Sejak kecil, Rindy Antika terbilang
memiliki showmanship yang tinggi. Tak sulit baginya untuk mendapat
perhatian dari lingkungannya. Bahkan kemauan dan kemampuannya untuk bernyanyi
sekaligus bergoyang di depan banyak orang membuatnya dianggap sebagai sosok
antik. Keadaan tersebut membuatnya mendapat sematan sebagai “antik” yang
belakangan digunakan sebagai nama panggung “Antika” sekaligus nama fanbase
“Antikaku”.
“Saya kurang tahu karena sudah melekat
dari dulu waktu kecil. Tapi kalau dulu kan nama panggung pasti ada ya, mungkin
karena antik ya anak kecil jaman dulu sudah bisa nyanyi sambil goyang-goyang di
depan orang,” tegasnya menjelaskan asal usul kata Antika sebagai nama panggung
Rindy Antika berusaha untuk menjadi penyanyi
yang pantas dikagumi. Memang dirinya kadang tampil tak jauh berbeda dengan biduanita,
dengan menyajikan goyangan menawan dalam balutan busana menggoda. Walakin penampilan
Rindy Antika tak sampai senonoh, apalagi vulgar dan jorok!
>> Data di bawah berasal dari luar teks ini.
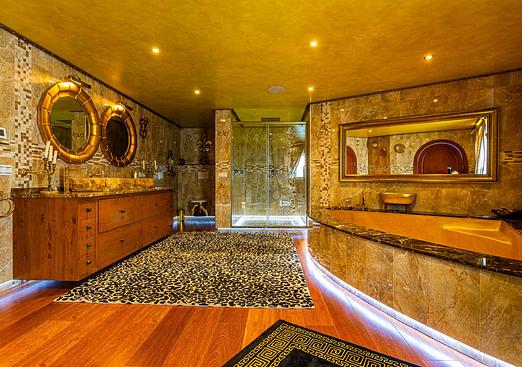 Villa in Benalmadena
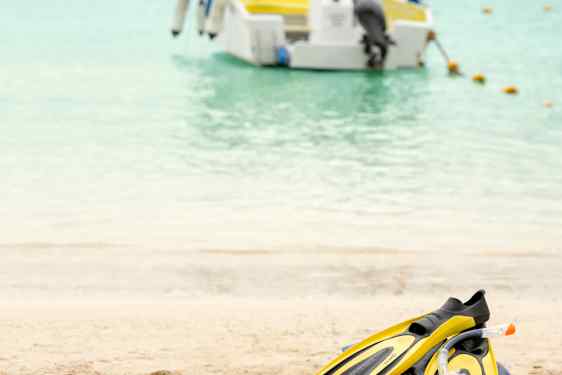 Många hotell erbjuder sina gäster vattensporter utan kostnad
Dalam banyak aksi panggung, Rindy
Antika memang cenderung berbusana terbuka laiknya biduantita pada umumnya.
Namun, Rindy Antika juga kerap tampil tertutup mengenakan kebaya. Sayangnya, walau
sudah menyajikan lantunan vokal apik dan berbusana pantas, banyak khalayak yang
memandang Rindy Antika “modal badan doang”. Tak dimungkiri bahwa kesintalan
badan turut berperan dalam melambungkan nama Rindy Antika. Karena kesintalan
badan pula Rindy Antika banyak mudah mendapatkan cibiran kelewat cemar. Cibiran
yang nyaris membutakan hingga enggan mendengar, alih-alih mengapresiasi,
kualitas vokal.
Wajar saja. Sah-sah saja. Mungkin
penampilan Duo Serigala memantik amarah sebagian orang. Amarah yang muncul
karena cemburu, dengki, atau jengkel. Sementara tak bisa dielakkan lagi bahwa,
“Mata yang penuh amarah hanya memandang segala yang nista sepertihalnya mata
yang cinta akan tumpul terhadap semua cela.”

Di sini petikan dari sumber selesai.